Phase II single agent Lenalidomide (Revlimid®) in relapsed / refractory mantle cell
Plymouth Hospitals NHS Trust & St Bartholomew's Hospital, London
Mantle cell lymphoma has the worst prognosis of all sub-types of Non-Hodgkin's lymphomas, with a 5 year survival rate of around 27%. Many patients will respond to first line treatment, but this response is rarely complete and the patients are likely to relapse within 18 months. Additional treatment is often inadequate and further relapse is to be expected. This study will investigate the response of patients to single agent Lenalidomide (Revlimid®) following relapse or refractory to at least 2 prior treatment regimens. Single agent Lenalidomide has previously demonstrated a 31% overall response rate when given to 16 patients with relapsed Non-Hodgkin's Lymphoma.

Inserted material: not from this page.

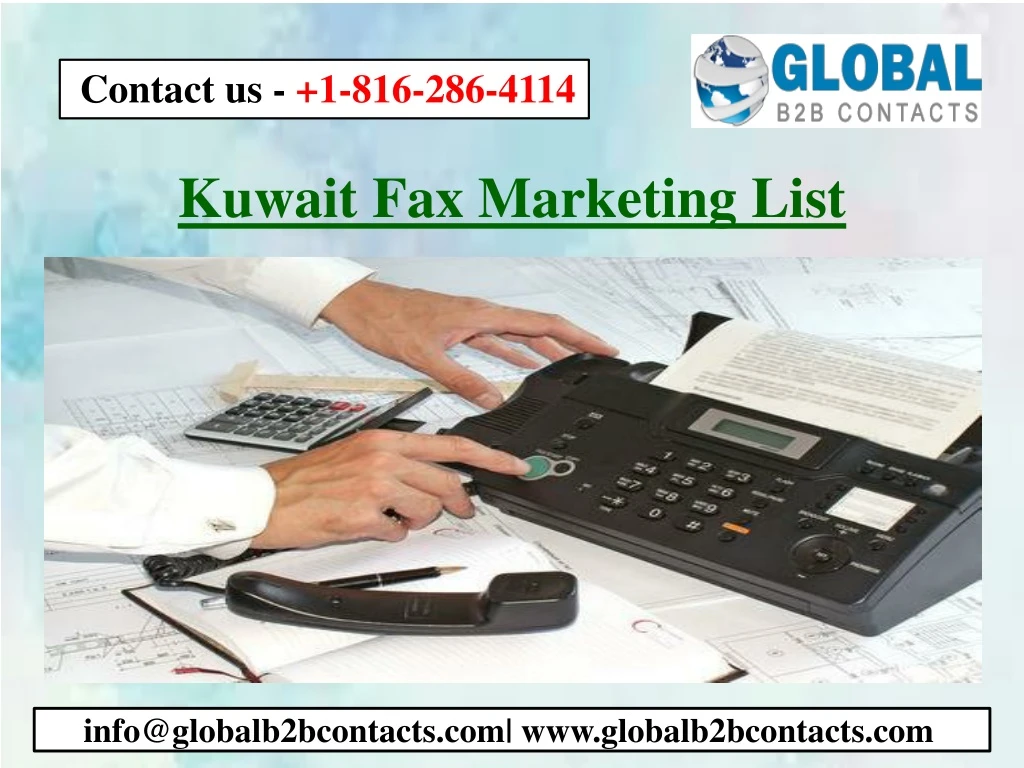 kuwait fax marketing list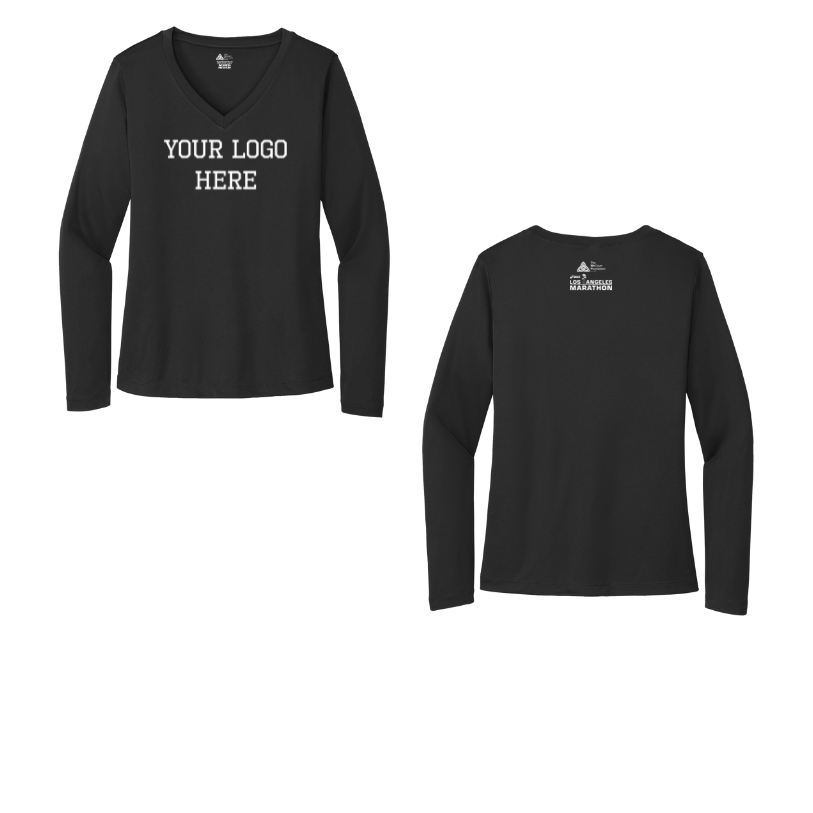 2026 Los Angeles Marathon Partners & Sponsors - Women's Long Sleeve Performance Tee (LST353LS)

Lenalidomide, an oral drug taken once daily at night
The primary objective is to evaluate the rates of overall response (CR, Cru and PR). Secondary objectives are to evaluate the duration of response, to determine the median time to progression, to determine the median overall survival, to evaluate the toxicity and tolerability of the research treatment.

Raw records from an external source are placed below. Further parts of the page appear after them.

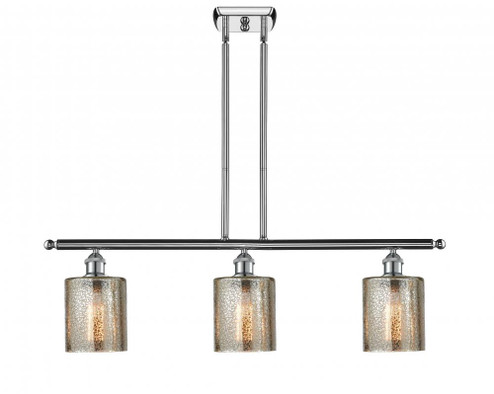 Cobbleskill - 3 Light - 36 inch - Polished Chrome - Stem hung - Island Light (3442|516-3I-PC-G116)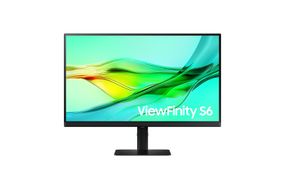 Monitor Samsung ViewFinity S6 27" 2024 QHD, Tela Plana, Painel IPS, 100Hz, 5ms, HDR10, HAS, HDMI, DP, USB-c, LAN, Eye Saver Mode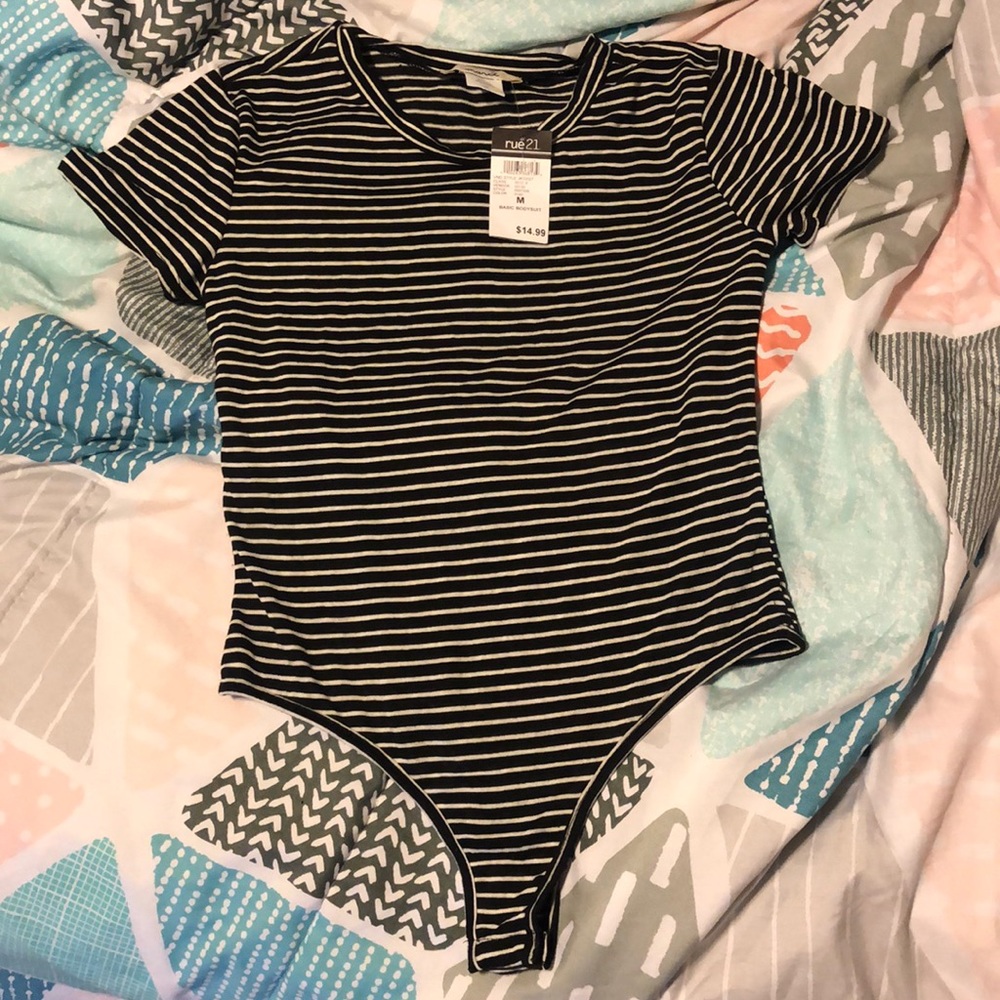 Stripped Bodysuit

A trial patient information sheet and any local information on relapsed mantle cell lymphoma will be given to eligible patients when relapse is confirmed. Patients offering informed consent will be registered into the trial. All patients will receive Lenalidomide, starting at 25mgs per day. Dose modifications for toxicity are built into the protocol. In the treatment phase, 6 cycles, each of a 28- day duration will be given, with restaging after 3 and 6 cycles. Depending upon response to treatment and toxicity, the patient may continue Lenalidomide in the aintenance phase of the trial. In this phase, the dose will be reduced to 15 mg per day or the lowest dose the patient had tolerated during the treatment phase, whichever is the lower. Patients will be followed for progression and overall survival.
Patients with a confirmed mantle cell lymphoma, who have relapsed following, or who are refractory to, two or more chemotherapy regimens.